Upon walking into the crowded hotel room, I could already hear his soulful guitar riffs. Wyclef Jean was playing an acoustic version of his latest single “Divine Sorrow” in front of a camera. It was the first time I had seen him play the EDM song live. In my mind, I was immediately overwhelmed with a flash medley of all of his classic records from as far back as I could remember. In reality, he was casually sitting in front of me playing the fresh cordson his wood-grained guitar. He moved on to play his Carnival classic “Gone Til November” and freestyled a new verse off the top of his head.  It was then I realized that he would never lose his touch, even if he gave politics another try.

The same force that tattooed The Fuguees into hip-hop is preparing to unleash a new body of work this year in a whole new way. After releasing seven albums through Columbia Records, Wyclef is jumping back into the game with Heads Music/PRMD Records, the label responsible for Avicii’s international success, backing his efforts. Wyclef let us in on why he chose to leave the label that helped launch his solo career.
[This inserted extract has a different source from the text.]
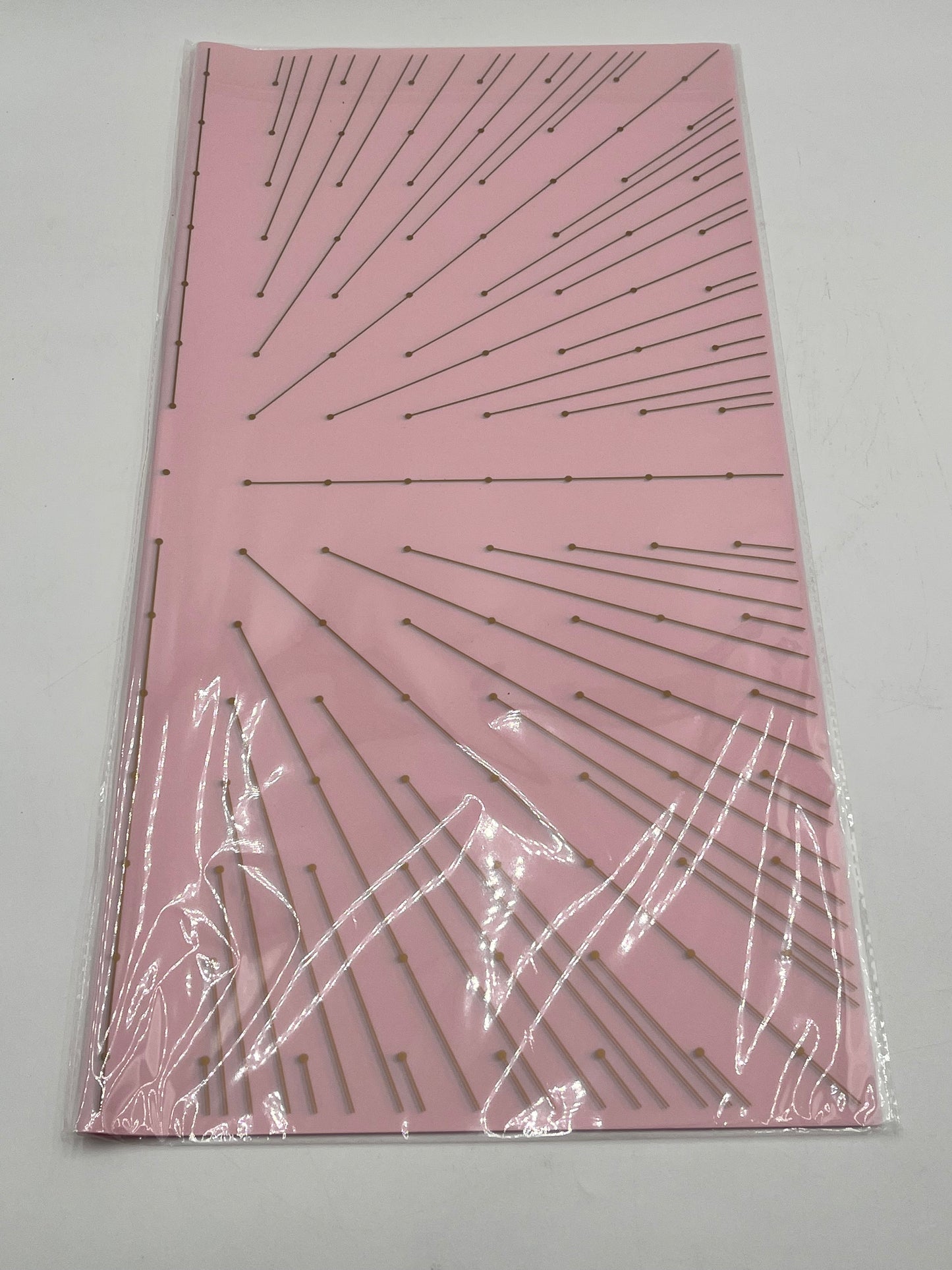 Starlight Burst floral wrapping paper with gold burst accents, available in Pink, 22x22", 20 per pack for $9.99. Available @ floralsuppliespoint1.com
“Be Clear. Wyclef didn’t get dropped from Columbia. Wyclef had to leave Columbia because a corporation like that could not support a presidential candidate,” said Wyclef, who attempted to run for president of his home country of Haiti in 2010.

After Haiti rejected his bid, he wanted to go back to his true calling making music, but wanted to do it differently. Since beginning his new endeavors with Heads Music/PRMD Records, Wyclef has been able to expand his network and collaborate with artists from all genres including EDM. His eighth solo album Clefication is set to be an eclectic mix of all kinds of music. Wyclef got to work with the famed EDM producers Avicii and Afrojack as well as Miami beatmaker DJ Khaled and singer Emily Sande.

“Shout out Emily Sandé. We are doing a joint together. I think it’s going to be historical. There’s DJ Khaled. So, Me and Khaled.. What’s gonna happen man? Clef shows up with a guitar. Khaled with the crazy beats. I’m looking forward to that. It’s gonna be incredible.”

Before you say that the Grammy Award-winning singer is trying to cash-in on the EDM wave, search the Internet for throwback Clef tracks like “The Stripper Song” or his first single years before The Fugees called “Out of the Jungle.” Wyclef has been doing house music since Avicii was in diapers. So when he and the “Levels” producer hit the studio, the genres they’ve become famous for have nothing to do with their creative process.

“When me and Tim aka Avicii is in the studio, to the public it looks like an EDM producer and a hip-hop producer. But if you if you get a sneak preview of us in the studio, you’re gonna be like ‘Did Tim just Google Ekk-A-Mouse?’ Then he [Avicii] says ‘Yo this part we gotta do it Ekk-A-Mouse vibe.’ Then, he googled Ray Charles. These are the chords that I’m thinking about. So we are just two musicians and producers in the studio.”